(PROVIDED DATA)
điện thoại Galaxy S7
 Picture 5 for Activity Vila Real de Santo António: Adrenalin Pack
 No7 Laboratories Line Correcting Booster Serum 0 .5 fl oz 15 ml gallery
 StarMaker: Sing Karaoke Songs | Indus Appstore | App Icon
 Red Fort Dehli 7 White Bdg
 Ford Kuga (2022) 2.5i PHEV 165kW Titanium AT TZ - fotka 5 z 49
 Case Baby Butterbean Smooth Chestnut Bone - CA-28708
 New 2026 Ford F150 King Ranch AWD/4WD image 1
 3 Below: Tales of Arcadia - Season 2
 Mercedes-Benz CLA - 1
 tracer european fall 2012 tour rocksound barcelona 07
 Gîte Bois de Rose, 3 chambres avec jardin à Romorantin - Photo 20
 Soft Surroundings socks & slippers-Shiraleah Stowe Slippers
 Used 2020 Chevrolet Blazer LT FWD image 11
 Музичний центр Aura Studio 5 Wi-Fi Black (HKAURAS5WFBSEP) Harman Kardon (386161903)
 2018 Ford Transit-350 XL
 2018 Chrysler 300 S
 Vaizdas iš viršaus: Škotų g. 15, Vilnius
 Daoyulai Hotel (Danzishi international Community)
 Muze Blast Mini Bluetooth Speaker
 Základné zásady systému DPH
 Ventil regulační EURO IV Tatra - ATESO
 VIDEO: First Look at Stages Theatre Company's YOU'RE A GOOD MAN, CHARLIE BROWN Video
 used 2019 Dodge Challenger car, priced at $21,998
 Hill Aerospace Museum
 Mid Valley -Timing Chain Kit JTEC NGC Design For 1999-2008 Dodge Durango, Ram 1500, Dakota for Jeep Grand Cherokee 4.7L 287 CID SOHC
(End PROVIDED DATA)
Take the entries above and repeat them verbatim.

điện thoại Galaxy S7
 Picture 5 for Activity Vila Real de Santo António: Adrenalin Pack
 No7 Laboratories Line Correcting Booster Serum 0 .5 fl oz 15 ml gallery
 StarMaker: Sing Karaoke Songs | Indus Appstore | App Icon
 Red Fort Dehli 7 White Bdg
 Ford Kuga (2022) 2.5i PHEV 165kW Titanium AT TZ - fotka 5 z 49
 Case Baby Butterbean Smooth Chestnut Bone - CA-28708
 New 2026 Ford F150 King Ranch AWD/4WD image 1
 3 Below: Tales of Arcadia - Season 2
 Mercedes-Benz CLA - 1
 tracer european fall 2012 tour rocksound barcelona 07
 Gîte Bois de Rose, 3 chambres avec jardin à Romorantin - Photo 20
 Soft Surroundings socks & slippers-Shiraleah Stowe Slippers
 Used 2020 Chevrolet Blazer LT FWD image 11
 Музичний центр Aura Studio 5 Wi-Fi Black (HKAURAS5WFBSEP) Harman Kardon (386161903)
 2018 Ford Transit-350 XL
 2018 Chrysler 300 S
 Vaizdas iš viršaus: Škotų g. 15, Vilnius
 Daoyulai Hotel (Danzishi international Community)
 Muze Blast Mini Bluetooth Speaker
 Základné zásady systému DPH
 Ventil regulační EURO IV Tatra - ATESO
 VIDEO: First Look at Stages Theatre Company's YOU'RE A GOOD MAN, CHARLIE BROWN Video
 used 2019 Dodge Challenger car, priced at $21,998
 Hill Aerospace Museum
 Mid Valley -Timing Chain Kit JTEC NGC Design For 1999-2008 Dodge Durango, Ram 1500, Dakota for Jeep Grand Cherokee 4.7L 287 CID SOHC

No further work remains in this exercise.